トイレについては、本当に使用方法を知らない子供たちも多いんです。そういう状況で、学校での排便がなかなかできない。しかも、最近は夜遅く寝る子が増え、遅寝のために朝起きれない。朝起きれないために、朝ごはんが食べれない。当然、朝ごはんを抜けば身体の中の消化吸収システムの動きが悪くなります。さらに早起きが出来ないことで、トイレでゆっくり排便する時間もない。そうすると、学校で便意を催してもなかなかトイレに行きたいと言えない状況にも陥ります。男の子なんかは大便をするには、個室に入らないといけないため、冷やかされていじめにつながったりもするんですね。色々なことが悪循環になっている現状なんです。
そこで、まず、日本トイレ研究所では、そういったトイレにおける環境の改善として、街中にある公衆トイレの改善、東日本大震災でも課題に上がりましたが避難所のトイレの検討、内戦地区の子供たちのトイレの検討などを研究テーマにしたんです。
排便を例にとりましたが、様々な専門家がそれぞれの分野で検討していたものを、皆で共有して色々な方向から社会に発信していこうと、このような本を作成いたしました。
◇ファシリテーター江口先生より・・・質問2
✲江口先生)
学校栄養士として長年子供たちの心身の健康に関わってきた宮島先生の愛情がにじみ出ている内容なんですね。さて、そもそも宮島先生が「栄養士になろう」「栄養士の仕事に就こう」と思われたきっかけは何だったんですか?
✲宮島先生)
実は・・・親から、「嫁入り道具として、栄養士と教員免許は持っておきなさい」と言われて取ったんです。
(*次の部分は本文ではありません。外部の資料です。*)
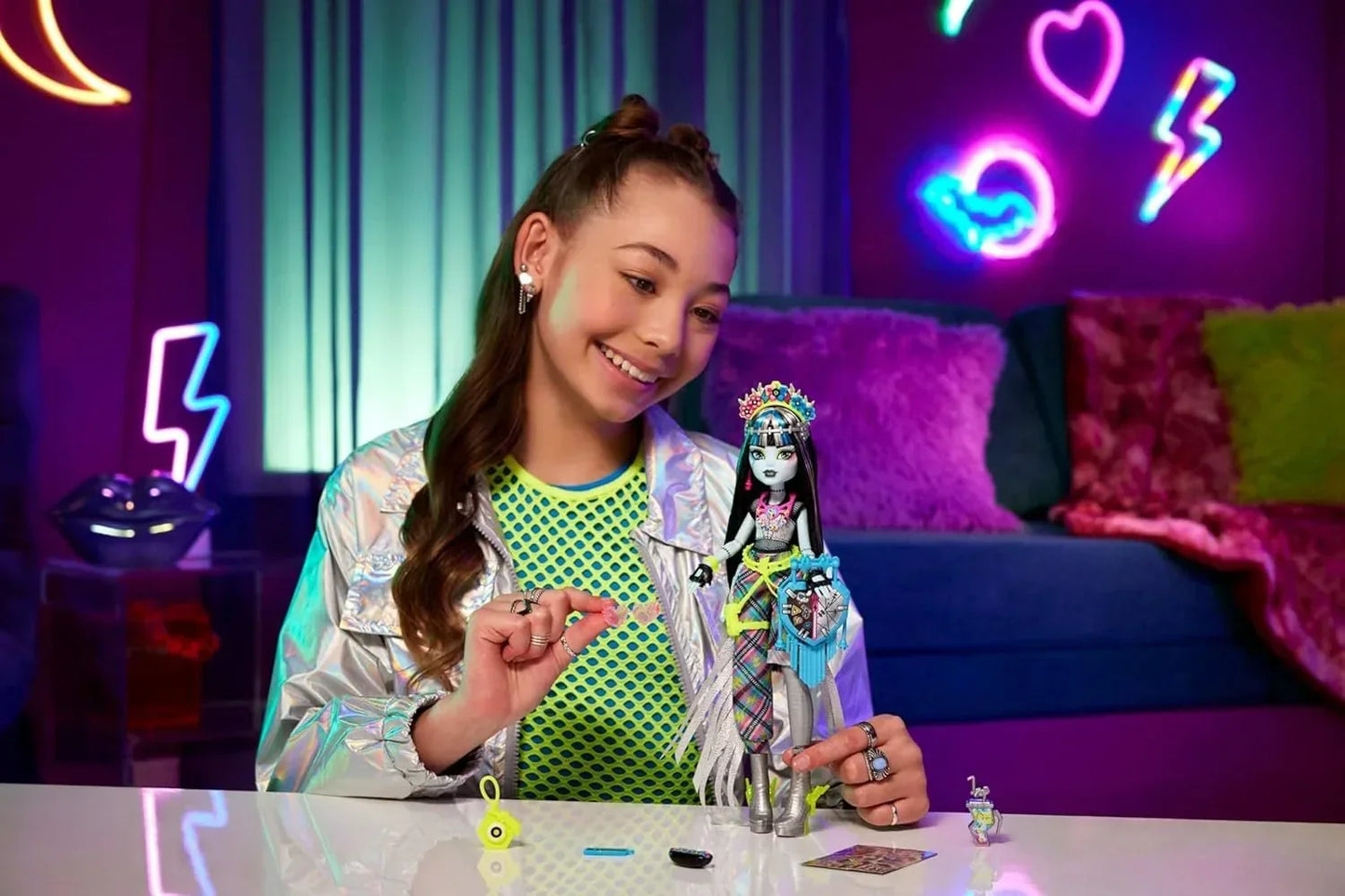 Monster High Frankie Stein Doll with Glam Monster Fest Outfit and Festival Themed Accessories Like Snacks, Band Poster, Statement Bag and More - Jaiman Toys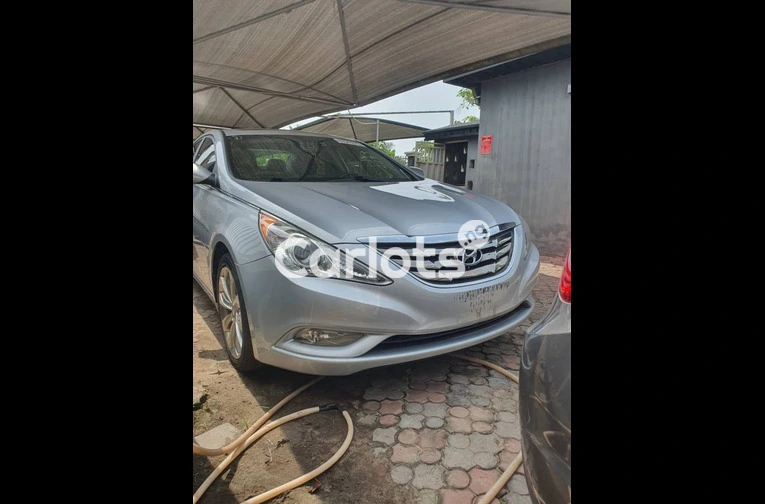 FOREIGN USED (TOKS) 2012 HYUNDAI SONATA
ですから、卒業後は栄養士の仕事に就かなかったんですよ。日本が好景気になる時期でもあり、お給料が良くて、ボーナスが良くて、福利厚生もしっかりしている上に勤務時間が短いということを理由に損保会社に就職し、大手町のOLとして社長の秘書をしていました。
しばらくして結婚し、出産し、仕事も退職して主婦をしていた時、栄養士の仕事に就くきっかけがあったんです。当時住んでいた豊島区の区報をたまたま見ていたら、近所の小学校で学校給食栄養士の半年間の臨時アルバイト募集が掲載されていていたんです。あまりにも主婦業が暇だったもので、「受けてみるか」という気軽な気持ちで豊島区役所に試験を受けに行ったら採用されたというのが、学校栄養士になったきっかけでした。
◇はじめての「栄養士のお仕事」 その現場で衝撃的な出来事が・・・
一番初めに勤めた豊島区の小学校は、創立以来、栄養士が配置されたことのない学校で、調理師が給食を担っている学校でした。やりたい放題だったというか。衝撃的だったことは、配属初日に「明日からは枕もってきてください」と調理師さんに言われたことでした。
なぜ枕?と思ったんですよ。そしたら、まず、出勤してからすることと言えば、朝ドラを見て、お昼寝して、休憩して…。その頃は手作り給食が普及していなかったんですね。給食の料理内容は、近所のお肉屋さんに形成してもらったハンバーグやコロッケなどを焼いたり揚げたりするだけだったんです。調理方法も、オーブンも無かったため、揚げるか煮るかしかなく、汁物か揚げ物かという状況でした。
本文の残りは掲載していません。